Study challenges theory of plate tectonics

By The State Coloum

A recent study suggests that a new explanation for plate tectonics – the motion of the Earth’s crust plates – may be needed, according to a NASA press release.

Plate tectonics have been responsible for some of nature’s most amazing visuals. Plate tectonics have contributed to the development of the Himalayas, the Swiss Alps and The Andes, the United States Geological Survey posits.

Unfortunately, plate tectonics have also caused some of Earth’s deadliest natural disasters, such as earthquakes and volcanic eruptions.

A NASA-sponsored researcher believes that a stratum of halfway molten rock approximately 22 to 75 miles below the Earth’s surface is not the only instrument that gives continents the ability to shift their position over millions of years.

“This melt-rich layer is actually quite spotty under the Pacific Ocean basin and surrounding areas, as revealed by my analysis of seismometer data,” says Dr. Nicholas Schmerr, a NASA Postdoctoral Program fellow, in a statement.

“Since it only exists in certain places, it can’t be the only reason why rigid crustal plates carrying the continents can slide over softer rock below,” Mr. Schmerr adds.

Mr. Schmerr, who works at NASA’s Goddard Space Flight Center in Maryland, is the author of a study on this research that appeared in a March 23rd issue of the journal Science.

During the course of more than four billion years, the processes of plate tectonics have moved continents many thousands of miles. Along the way, mountain rages have been created out of continental collisions and valleys and oceans have been created when continents were ripped apart.

Scientists also believe that continental drift may have contributed to climate change by altering the currents in the ocean and atmosphere.

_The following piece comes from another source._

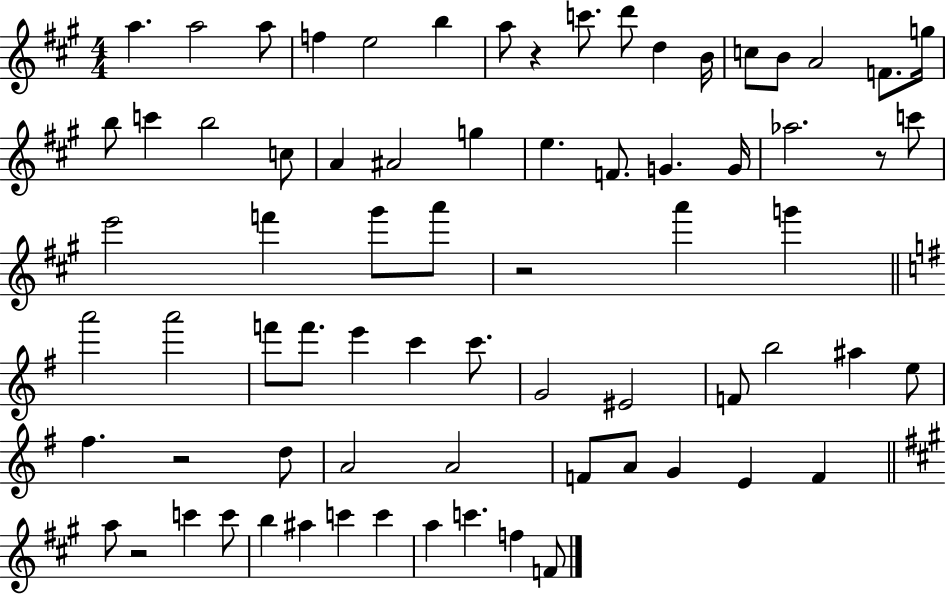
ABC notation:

Many details of plate tectonics are known while many are still a mystery. The extraneous layer of Earth, known as the lithosphere, is made up of the crust and a bottom layer of cool and rigid mantle. The lithosphere is thickest beneath continents.

Below the lithosphere is the asthenosphere, which is a layer of rock that is lethargically deforming. Heat in the Earth’s core warms mantle rocks above. The rocks in the mantle rise and sink depending on their temperature respective to their surroundings. This movements causes the continental plates to shift.

Up until now, however, scientists have been unable to explain how the lithosphere moves freely of the asthenosphere.

“Something has to decouple the crustal plates from the asthenosphere so they can slide over it,” says Mr. Schmerr.

“Numerous theories have been proposed, and one of those was that a melt-rich layer lubricates the boundary between the lithosphere and the asthenosphere, allowing the crustal plates to slide. However, since this layer is only present in certain regions under the Pacific plate, it can’t be the only mechanism that allows plate tectonics to happen there. Something else must be letting the plate slide in areas where the melt doesn’t exist,” he adds.

According to the Carnegie Institution, Mr. Schmerr is referring to the lithosphere-asthenosphere boundary (LAB), which represents the transition from the hot asthenosphere to the cold and stiff lithosphere.

In studies of seismic waves moving across the LAB, scientists have found that seismic waves have higher wave speeds in the lithosphere and lower wave speeds in the asthenosphere. In a boundary referred to as the Gutenberg discontinuity (named after Beno Gutenberg), seismic waves slow down by as much as 5 to 10 percent.

The introduction of water to the rock and small variations in composition, temperature, or the grain size of mineral in this region may allow for the decoupling of crustal plates from the asthenosphere, but the data to confirm these theories is not ready for examination.

Mr. Schmerr posited that a different explanation for plate tectonics may be needed after looking at the arrival times of earthquake waves at seismometers throughout the world. S-waves, one of the kinds of waves produced by earthquakes, will spring or rebound off material interfaces inside the Earth. S-waves will appear at seismometers at varying times based on where they connect with these interfaces.

Mr. Schmerr was able to calculate the depth and seismic properties of melt layers under the Pacific Ocean basin by looking at the arrival times, heights, and forms of the primary and melt-layer-reflected waves at different locations. An S-wave that confronts a deeper melt layer at the lithosphere-asthenosphere boundary will arrive earlier to the seismometer, because it travels a shorter route.

“Most of the melt layers are where you would expect to find them, like under volcanic regions like Hawaii and various active undersea volcanoes, or around subduction zones – areas at the edge of a continental plate where the oceanic plate is sinking into the deep interior and producing melt,” Mr. Schmerr posits.

“However, the interesting result is that this layer does not exist everywhere, suggesting something other than melt is needed to explain the properties of the asthenosphere,” he professes.

Mr. Schmerr believes that water may be a key ingredient to explaining how plate tectonics work. He cites Venus as an example of a planet that lacks oceans and has no attestations of plate tectonics.